Today, we present a guest post written by Jeffrey Frankel, Harpel Professor at Harvard’s Kennedy School of Government, and formerly a member of the White House Council of Economic Advisers. An earlier version appeared at Project Syndicate

June 26, 2024 — Lethal heat waves this month hit the US and other regions throughout the Northern hemisphere, including the eastern Mediterranean, India, and Southeast Asia.  June will probably mark the 13th consecutive month of average global temperatures that exceed all observations in records going back to 1850.   The primary explanation is, of course, that emissions and concentrations of Greenhouse Gases (GHGs) have in recent years increased even more rapidly than had been feared.

  1. A pleasant surprise

In one area, however, progress in the fight against global climate change has been greater than had been expected.  Use of solar power and other sources of renewable energy in the US and the European Union has risen rapidly.  The beginnings of an historic shift from internal combustion engines to electricpowered vehicles (EVs) have multiplied the importance of the switch to solar and wind sources of electric power.  The increased demand for renewable energy and EVs has in turn been driven by big drops in the real prices of solar panels, wind turbines, batteries, and EVs.

In the US, one factor underlying the shift has been subsidies to clean energy, particularly solar, wind, and EVs, in President Joe Biden’s Inflation Reduction Act, which was signed in 2022, with further details announced June 18.   An even bigger factor, however, has been declines in the world prices of solar panels and EVs driven substantially by Chinese exports.  Worryingly, recent expansions in the US and EU of tariffs on imports of environmentally beneficial equipment threaten to derail this progress.

While numbers for the cost of the energy transition are inherently slippery, the global capital investment needs in the power sector alone are estimated at $1.3 trillion per year on average between 2021 and 2050.   Western countries have demanded that China bear its fair share of the costs.  Yet, their trade policies are starkly at odds with the stated objectives.

  1. New import barriers

The perversely disproportionate targeting of imports of renewable energy equipment by the US and EU goes back more than ten years.  But it has gotten worse under the Trump and Biden Administrations.

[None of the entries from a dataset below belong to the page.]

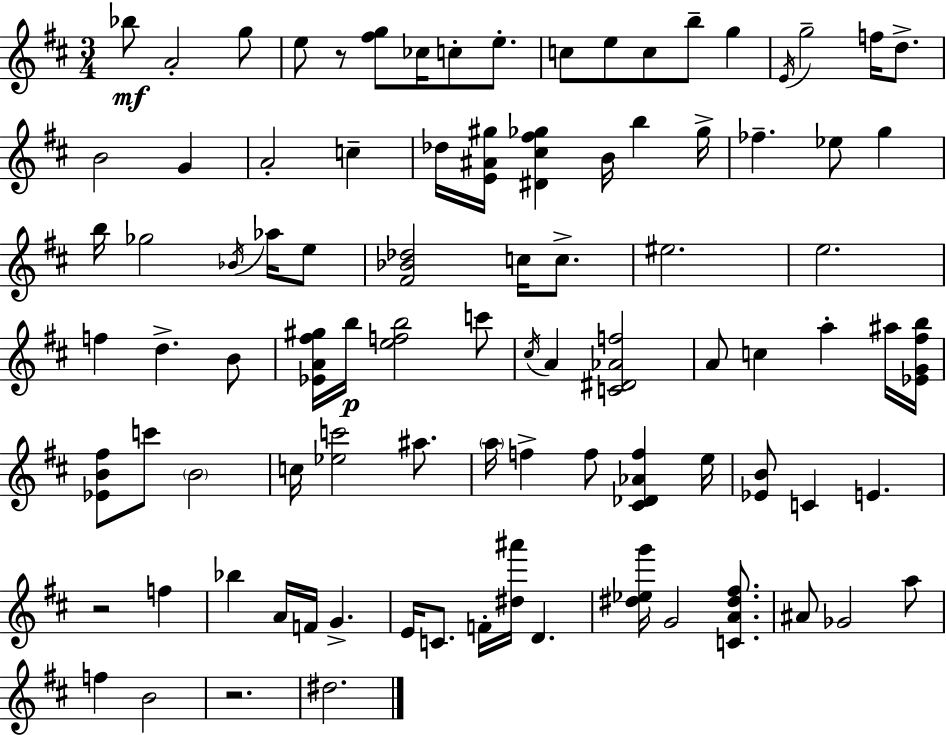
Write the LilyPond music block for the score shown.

{
  \clef treble
  \numericTimeSignature
  \time 3/4
  \key d \major
  bes''8\mf a'2-. g''8 | e''8 r8 <fis'' g''>8 ces''16 c''8-. e''8.-. | c''8 e''8 c''8 b''8-- g''4 | \acciaccatura { e'16 } g''2-- f''16 d''8.-> | \break b'2 g'4 | a'2-. c''4-- | des''16 <e' ais' gis''>16 <dis' cis'' fis'' ges''>4 b'16 b''4 | ges''16-> fes''4.-- ees''8 g''4 | \break b''16 ges''2 \acciaccatura { bes'16 } aes''16 | e''8 <fis' bes' des''>2 c''16 c''8.-> | eis''2. | e''2. | \break f''4 d''4.-> | b'8 <ees' a' fis'' gis''>16 b''16\p <e'' f'' b''>2 | c'''8 \acciaccatura { cis''16 } a'4 <c' dis' aes' f''>2 | a'8 c''4 a''4-. | \break ais''16 <ees' g' fis'' b''>16 <ees' b' fis''>8 c'''8 \parenthesize b'2 | c''16 <ees'' c'''>2 | ais''8. \parenthesize a''16 f''4-> f''8 <cis' des' aes' f''>4 | e''16 <ees' b'>8 c'4 e'4. | \break r2 f''4 | bes''4 a'16 f'16 g'4.-> | e'16 c'8. f'16-. <dis'' ais'''>16 d'4. | <dis'' ees'' g'''>16 g'2 | \break <c' a' dis'' fis''>8. ais'8 ges'2 | a''8 f''4 b'2 | r2. | dis''2. | \break \bar "|."
}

On May 14, the US White House announced its decision (under a “section 301” trade remedy) to raise tariffs sharply on many imports from China, including solar cells, lithium-ion batteries, and electric vehicles, the last to a prohibitive 100%.  Such protection will make it difficult to achieve Biden Administration targets which call for renewables to constitute 80 percent of energy by 2030 and for EVs to constitute half of all new cars sold then.

Some Chinese production of photo-voltaic cells has shifted to Southeast Asia, in response both to rising costs in China and to tariffs imposed by the US and EU.  The US International Trade Commission recently decided, in a June 7 vote, to pursue claims by some US solar manufacturers who seek anti-dumping and countervailing duty protection against producers in Southeast Asia.  This move comes despite opposition from US firms that buy the equipment as inputs to their business of developing and operating solar energy domestically.

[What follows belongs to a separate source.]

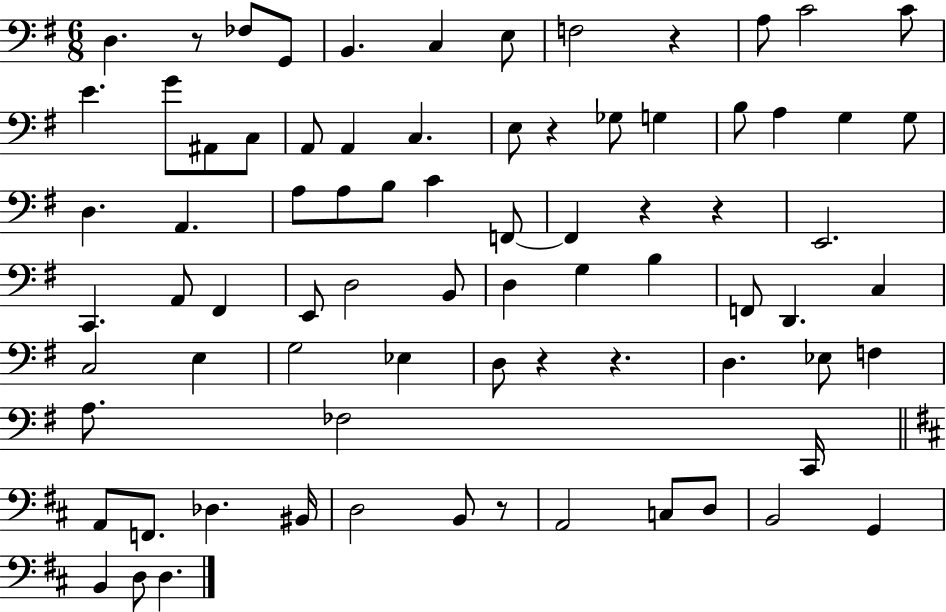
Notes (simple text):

D3/q. R/e FES3/e G2/e B2/q. C3/q E3/e F3/h R/q A3/e C4/h C4/e E4/q. G4/e A#2/e C3/e A2/e A2/q C3/q. E3/e R/q Gb3/e G3/q B3/e A3/q G3/q G3/e D3/q. A2/q. A3/e A3/e B3/e C4/q F2/e F2/q R/q R/q E2/h. C2/q. A2/e F#2/q E2/e D3/h B2/e D3/q G3/q B3/q F2/e D2/q. C3/q C3/h E3/q G3/h Eb3/q D3/e R/q R/q. D3/q. Eb3/e F3/q A3/e. FES3/h C2/s A2/e F2/e. Db3/q. BIS2/s D3/h B2/e R/e A2/h C3/e D3/e B2/h G2/q B2/q D3/e D3/q.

Meanwhile, on June 12, the European Commission announced provisional tariffs on Chinese-made EVs, to take effect in July, in response to unfair subsidies.  The new EU tariffs, while not prohibitive, average 31 %, substantially higher than those on its imports of conventional autos from other trading partners.


  1. Macroeconomic goals

It is true that Chinese prices of solar panels and EVs are low not just because of low labor costs and economies of scale, but also because of government subsidies, e.g., in the form of cheaper credit.   This leads most American and European politicians to support the blocking of these cheap exports.  But why do they want to charge the cost of clean-energy subsidies to their own taxpayers or national debts, in place of charging the cost to Chinese taxpayers?  Remember, they wanted China to pay its fair share of the cost of fighting climate change. Logically, one could imagine that Western governments might have refused to subsidize the energy transition unless the Chinese government did so as well!

It may well be that selling climate policy by its capacity for creating green jobs that are reserved for domestic workers is the most feasible strategy politically.  But we should recognize that the argument is political, not economic.

For one thing, green jobs created in the industry that manufactures solar panels are offset by green jobs lost in the sector that installs solar energy, which depends on low-cost equipment for its dynamism.  Similarly, green jobs in EV production are lost when tariffs lead to higher prices for imports of batteries.  Furthermore, export jobs of all sorts are lost when China or other trading partners retaliate against import restrictions.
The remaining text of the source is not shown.